The present study revealed a significant interaction in hip external rotation moments during the CPA phase, with higher values observed in the ACLR group compared to the CON group. However, no significant differences were found in lower limb joint angles between the two groups. Previous studies have shown that in kinematics, increased knee valgus and hip adduction angle during landing and cutting movements are risks for ACL injury,^40,41 and decreased hip and knee flexion angles, along with increased GRF during such movements, can exert significant stress on the ACL.⁴² In kinetics, participants with smaller hip external rotator moments at the initial stage of landing were over eight times more likely to sustain a second ACL injury compared to those with greater hip external rotation moments.¹¹ The similarity in lower limb joint angles between both groups in this study, alongside the increased hip external rotation moments in the ACLR group during CPAs, may be attributed to ACL injury prevention strategies implemented after ACLR, potentially affecting movement and postural control through kinetic changes.
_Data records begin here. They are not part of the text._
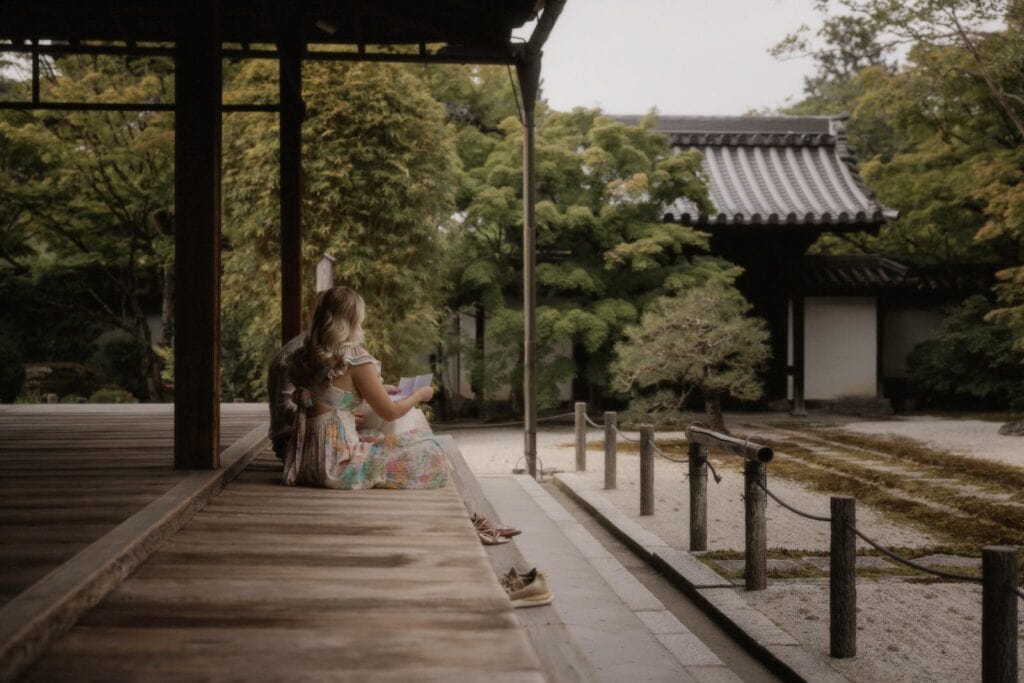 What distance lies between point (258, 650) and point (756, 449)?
13.2 ft

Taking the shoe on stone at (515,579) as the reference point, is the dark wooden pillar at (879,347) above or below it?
above

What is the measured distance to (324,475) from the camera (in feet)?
16.7

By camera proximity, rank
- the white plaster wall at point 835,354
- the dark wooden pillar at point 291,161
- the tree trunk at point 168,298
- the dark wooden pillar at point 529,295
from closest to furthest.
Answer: the dark wooden pillar at point 291,161, the dark wooden pillar at point 529,295, the tree trunk at point 168,298, the white plaster wall at point 835,354

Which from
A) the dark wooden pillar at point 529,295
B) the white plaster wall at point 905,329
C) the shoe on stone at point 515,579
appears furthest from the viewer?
the white plaster wall at point 905,329

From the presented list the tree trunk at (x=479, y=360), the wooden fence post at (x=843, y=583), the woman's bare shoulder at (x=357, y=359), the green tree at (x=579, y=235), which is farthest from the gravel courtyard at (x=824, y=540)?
the woman's bare shoulder at (x=357, y=359)

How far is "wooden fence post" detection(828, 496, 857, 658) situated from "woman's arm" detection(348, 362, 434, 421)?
2.08 metres

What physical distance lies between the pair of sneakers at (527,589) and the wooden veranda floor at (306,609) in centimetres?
43

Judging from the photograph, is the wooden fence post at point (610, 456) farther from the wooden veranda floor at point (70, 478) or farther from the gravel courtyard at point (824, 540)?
the wooden veranda floor at point (70, 478)

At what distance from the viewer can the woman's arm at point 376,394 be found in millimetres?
4977

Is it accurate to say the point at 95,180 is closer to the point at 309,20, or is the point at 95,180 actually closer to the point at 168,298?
the point at 168,298

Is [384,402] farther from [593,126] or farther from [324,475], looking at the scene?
[593,126]

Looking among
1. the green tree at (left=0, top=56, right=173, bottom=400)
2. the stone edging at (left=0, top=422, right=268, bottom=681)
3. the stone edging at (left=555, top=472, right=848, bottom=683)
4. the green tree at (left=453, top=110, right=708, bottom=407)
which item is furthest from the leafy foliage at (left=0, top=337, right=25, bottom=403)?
the stone edging at (left=0, top=422, right=268, bottom=681)

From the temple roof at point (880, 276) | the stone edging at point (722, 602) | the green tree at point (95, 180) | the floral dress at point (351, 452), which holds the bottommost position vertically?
the stone edging at point (722, 602)

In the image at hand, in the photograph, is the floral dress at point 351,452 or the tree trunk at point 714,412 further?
the tree trunk at point 714,412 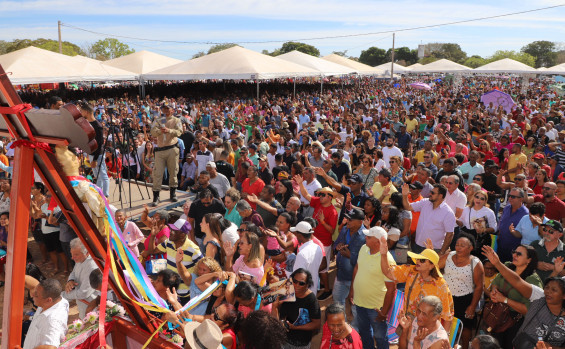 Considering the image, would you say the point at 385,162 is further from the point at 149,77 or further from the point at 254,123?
the point at 149,77

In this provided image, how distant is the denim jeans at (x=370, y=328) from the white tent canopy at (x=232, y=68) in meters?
12.4

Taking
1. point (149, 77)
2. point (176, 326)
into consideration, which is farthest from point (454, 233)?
point (149, 77)

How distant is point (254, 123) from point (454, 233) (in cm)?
1012

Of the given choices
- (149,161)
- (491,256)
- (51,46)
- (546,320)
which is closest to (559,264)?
(491,256)

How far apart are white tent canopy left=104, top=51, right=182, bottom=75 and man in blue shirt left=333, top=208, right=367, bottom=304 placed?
57.3ft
These strategies are considered ACLR-specific compensatory mechanisms aimed at reducing the angle of hip internal rotation occurring 50 ms post-IC, which corresponds to the feedback phase following sensory nerve input. Consequently, the high value of hip external rotation moment observed in this study may signify a postural strategy during single-leg landing movement after ACLR.

Limitations

This study had some limitations. First, lower limb muscle strength was not measured, which could have affected muscle activity during single-leg landing, especially considering reports indicating a relationship between muscle fiber conduction velocity and force in isometric contractions of the quadriceps during knee extension⁴³ might cause a difference in muscle activity during single-leg landing. Second, the experiment was conducted in a laboratory setting and involved only single-leg landings, which may yield different responses compared to performance during actual sports activities. This context should be considered when interpreting the data. Third, the ACLR group comprised only female athletes who had returned to competition approximately one year or more after surgery, and it remained unclear when and to what extent muscle function had recovered. Therefore, longitudinal studies investigating ACLR muscle function and assessing training effects are warranted. Fourth, the study had a limited number of subjects, and only a post hoc power analysis was conducted. Despite the small sample size, meaningful results were obtained. Finally, this study only included the involved leg, although it is well-established that neuromuscular changes after ACL injury can also affect the contralateral leg.⁴⁴ Including the contralateral leg in future studies will provide a better understanding of contralateral injury mechanisms and postural control after ACLR. In the future, it will be essential to examine the effects of post- ACLR status on muscle strength and surgical techniques.

Conclusion

The findings of the current study indicate that in female athletes who underwent RTS after ACLR, the onset of muscle activity during single-leg landing was similar to that of the control group. Both the amount and pattern of muscle activity during APAs and CPAs were similar to those observed in the control group. Additionally, no significant differences were observed in hip and knee joint angles between the two groups. However, during the CPA phase, the ACLR group exhibited higher values of hip external rotation moments compared to the control group. Clinically, this finding underscores the importance of assessing and addressing hip biomechanics and muscle function during rehabilitation to optimize movement quality and reduce the risk of secondary injuries. Future studies should investigate how variations in muscle strength affect neuromuscular control and landing mechanics, which could inform rehabilitation strategies aimed at optimizing strength and function.

Conflicts of Interest

The authors report no conflicts of interest.

Acknowledgments

The authors thank all the participants for their time and support. We would like to thank Editage (www.editage.jp) for English language editing.